[Caption-style text data]
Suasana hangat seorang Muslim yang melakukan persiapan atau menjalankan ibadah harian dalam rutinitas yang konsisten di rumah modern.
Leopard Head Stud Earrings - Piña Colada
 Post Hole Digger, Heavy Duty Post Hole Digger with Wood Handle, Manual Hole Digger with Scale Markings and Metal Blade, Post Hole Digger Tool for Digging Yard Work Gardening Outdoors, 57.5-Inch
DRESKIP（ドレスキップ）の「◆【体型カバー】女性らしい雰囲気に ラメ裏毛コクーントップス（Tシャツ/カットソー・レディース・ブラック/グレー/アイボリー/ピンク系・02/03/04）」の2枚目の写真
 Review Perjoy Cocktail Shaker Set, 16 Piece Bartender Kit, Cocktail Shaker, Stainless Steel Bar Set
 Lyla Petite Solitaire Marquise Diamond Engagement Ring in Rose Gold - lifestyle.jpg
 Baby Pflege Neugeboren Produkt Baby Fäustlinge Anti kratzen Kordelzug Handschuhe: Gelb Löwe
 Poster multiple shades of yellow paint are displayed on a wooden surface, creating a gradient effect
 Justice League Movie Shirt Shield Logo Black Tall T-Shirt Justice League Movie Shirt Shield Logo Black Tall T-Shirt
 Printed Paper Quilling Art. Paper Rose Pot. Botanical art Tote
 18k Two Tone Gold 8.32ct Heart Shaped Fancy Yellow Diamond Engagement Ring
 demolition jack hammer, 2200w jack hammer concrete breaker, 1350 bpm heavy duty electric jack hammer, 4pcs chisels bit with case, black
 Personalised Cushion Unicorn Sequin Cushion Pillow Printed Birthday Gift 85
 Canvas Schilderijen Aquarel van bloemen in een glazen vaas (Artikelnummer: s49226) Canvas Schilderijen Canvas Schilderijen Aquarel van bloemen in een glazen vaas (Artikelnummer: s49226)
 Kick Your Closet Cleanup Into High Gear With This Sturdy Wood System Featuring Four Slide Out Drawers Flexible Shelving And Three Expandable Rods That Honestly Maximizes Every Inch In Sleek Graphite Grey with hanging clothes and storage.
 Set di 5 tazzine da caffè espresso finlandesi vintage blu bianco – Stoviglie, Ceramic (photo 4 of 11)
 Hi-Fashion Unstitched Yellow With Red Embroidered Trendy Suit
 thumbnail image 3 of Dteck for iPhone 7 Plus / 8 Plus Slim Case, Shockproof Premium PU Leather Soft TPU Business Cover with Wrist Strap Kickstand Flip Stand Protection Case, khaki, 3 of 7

## [Problem statement]
In the entries above, find each line that has the word "Gold". Copy it.

## [Problem solution]
 Lyla Petite Solitaire Marquise Diamond Engagement Ring in Rose Gold - lifestyle.jpg
 18k Two Tone Gold 8.32ct Heart Shaped Fancy Yellow Diamond Engagement Ring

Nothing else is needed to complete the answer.